UNITED STATES DISTRICT COURT SOUTHERN DISTRICT OF OHIO WESTERN DIVISION
JOSHUA FIKES, Case No. 1:24-cv-237 Petitioner, Hopkins, J. vs. Bowman, M.J.
WARDEN, MARION REPORT AND CORRECTIONAL INSTITUTION, RECOMMENDATION Respondent.
Petitioner, an inmate at the Marion Correctional Institution, has filed a petition for a writ of habeas corpus in this Court pursuant to 28 U.S.C. § 2254. Petitioner challenges his 2006 murder and weapons under disability convictions in the Hamilton County Court of Common Pleas Case No. B0506290. (See Doc. 1 at PageID 1). This matter is before the Court on respondent’s motion to dismiss the petition for lack of jurisdiction. (Doc. 3). For the reasons below, the undersigned RECOMMENDS that this action be TRANSFERRED to the United States Court of Appeals for the Sixth Circuit as a second or successive petition. A. BACKGROUND First Habeas Petition This is not the first habeas corpus petition filed by petitioner in this Court. In Fikes v. Warden, Case No. 1:10-cv-021 (S.D. Ohio Jan. 15, 2010) (Spiegel, J.; Litkovitz, M.J.), petitioner filed his first habeas corpus petition. Id., Doc. 1. On February 8, 2012, the Court denied the petition, finding that petitioner’s grounds for relief were procedurally defaulted or without merit. Id., Doc. 16, 22. The Sixth Circuit Court of Appeals denied petitioner a certificate of appealability on April 18, 2013 and the United States Supreme Court subsequently denied petitioner’s petition for a writ of certiorari. See id., Doc. 29, 34. Second Habeas Petition Petitioner filed a second habeas petition on November 24, 2020. See Fikes v. Warden, Case No. 1:20-cv-955 (Cole, J.; Merz, M.J.) (S.D. Ohio Nov. 24, 2020). Petitioner raised two grounds for relief, arguing that his trial counsel was ineffective for failing to request a jury instruction on voluntary manslaughter and for failing to inform petitioner of case law. See id., Doc. 1. On April 9, 2021, the Court transferred the case to the Sixth Circuit Court of Appeals as a successive petition. Id., Doc. 11. On October 29, 2021, the Sixth Circuit denied petitioner authorization to file a second or successive habeas petition. Id., Doc. 12.

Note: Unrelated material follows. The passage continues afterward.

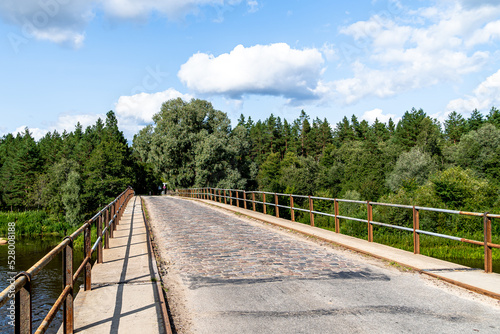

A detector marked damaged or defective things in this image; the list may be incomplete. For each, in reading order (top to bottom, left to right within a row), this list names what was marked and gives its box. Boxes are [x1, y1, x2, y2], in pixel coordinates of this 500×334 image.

Sixth Circuit Petitioner has since filed two additional applications for permission to file a second or successive habeas petition in the Sixth Circuit Court of Appeals. On October 3, 2023, petitioner sought permission to file a habeas petition raising the following two grounds for relief: GROUND ONE: Petitioner was denied his right to a fundamentally fair trial in violation of Brady v. Maryland, 373 U.S. 83, 83 S.Ct. 1194 (1963), when the State suppressed police records of its only key witness[’s] statement to police detectives that is both impeachment and exculpatory evidence.
GROUND TWO: Petitioner was denied his right to a fundamentally fair trial in violation of Brady v. Maryland, 373 U.S. 83, 83 S.Ct. 1194 (1963), when the State used and did not correct perjured testimony.
See id., Doc. 13 at PageID 85, 95. On March 5, 2024, the Sixth Circuit denied petitioner’s motion. Id., Doc. 14. In particular, the Court of Appeals determined that the purportedly new evidence underlying petitioner’s proposed grounds for relief was known to the defense at the 2 time of his trial. Id. at PageID 170-71. On April 29, 2024, less than two months later, petitioner filed an additional motion for authorization to file a second or successive petition in the Sixth Circuit. See Fikes v. Warden, No. 24-3357 (6th Cir. Apr. 29, 2024). Petitioner raised the same two grounds for relief as those in his October 3, 2023 motion. On August 22, 2024 the Sixth Circuit Court of Appeals again denied petitioner authorization for a second or successive petition. Id., Doc. 8. Meanwhile, petitioner filed the instant habeas corpus petition, raising the following ground for relief: GROUND ONE: Petitioner was denied his right to the effective assistance of counsel guaranteed by the Sixth and Fourteenth Amendments to the United States Constitution, when trial counsel did not: request (1) an in camera inspection, (2) a continuance, or (3) a mistrial for the State’s discovery violation and use of false testimony that it did not correct, and/or (4) use impeachment and exculpatory evidence that was not disclosed by the State in its response to Petitioner’s demand for discovery, if trial counsel was shown or had in his possession such evidence.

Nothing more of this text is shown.